The Department of Defense, for example, is working to deploy private 5G solutions for a wide range of use cases. And as one of DOD’s partners, Booz Allen is at the forefront working with DOD to build the 5G infrastructure and conducting the prototyping based on specific 5G-enabled use cases. But this large-scale push to build and manage such infrastructure and define use cases—almost like a mobile carrier would—is new territory for the department. And many organizations are still assessing how they will use 5G, let alone how they will secure it.


While there is no “easy button” for 5G cloud infrastructure security, organization leaders can look to guidance from the Cybersecurity and Infrastructure Security Agency and the National Security Agency. This guidance shows how to bring a zero trust mindset into 5G cloud endpoints and growing multi-cloud environments: It covers preventing and detecting lateral movement, securely isolating network resources, data protection, and ensuring the integrity of cloud infrastructure.


In addition, here are five steps to guide organizations interested in developing private 5G networks:

  1. Build a secure foundation: Start protecting 5G infrastructure, software, and all network elements by developing a zero trust architecture that is fit for purpose—and by embracing key principles for software supply chain security (given 5G is software centric).

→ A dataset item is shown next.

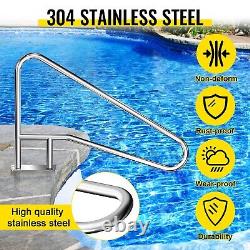 Pool Handrail Swimming 55''x32'' Stainless Steel Inground Stair Grab Hand Rail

In addition, agencies should invest in talent with the technical expertise needed to accomplish this work.

  2. Issue further guidance as needed: Seek out governing documents (such as those listed above) for guidance on how to securely design a 5G cloud-based infrastructure. As 5G is deployed, seek out other emergent guidance/requirements. For example, a document like the Cloud Computing Security Requirements Guide, which has been used extensively over the last several years to drive DOD cloud impact level requirements, may need to be extended to account for edge cloud scenarios. Further, officials may need to release new security technical implementation guides specific to 5G cloud and infrastructure components.

  3. Put cloud security into action: Ensure that standards and guidance are translated into more granular requirements and implemented in security controls. While organizations should ensure they implement required controls, they should also evaluate the applicability of controls listed as “optional” since these may be needed to better harden the infrastructure and mitigate vulnerabilities.

  4. Invest in advanced cyber defenses: Implement continuous monitoring and sophisticated analytics to detect and counter advanced threats—including determined nation-state actors pursuing strategic objectives. Many monitoring solutions are geared more toward network performance and optimization, and fault isolation. Nevertheless, the monitoring solution must also provide the security analytics needed to stop and/or mitigate sophisticated attacks.

  5. Stress test systems before adversaries do: Subject 5G systems to realistic penetration testing involving advanced adversary tradecraft. Stay ahead of threats by using red teams to proactively uncover previously unknown vulnerabilities.

The next few years will see more and more deployments of 5G-based cloud infrastructure and devices. As these projects progress, leaders should use these five steps, zero trust and security-by-design principles to safeguard these leading-edge systems.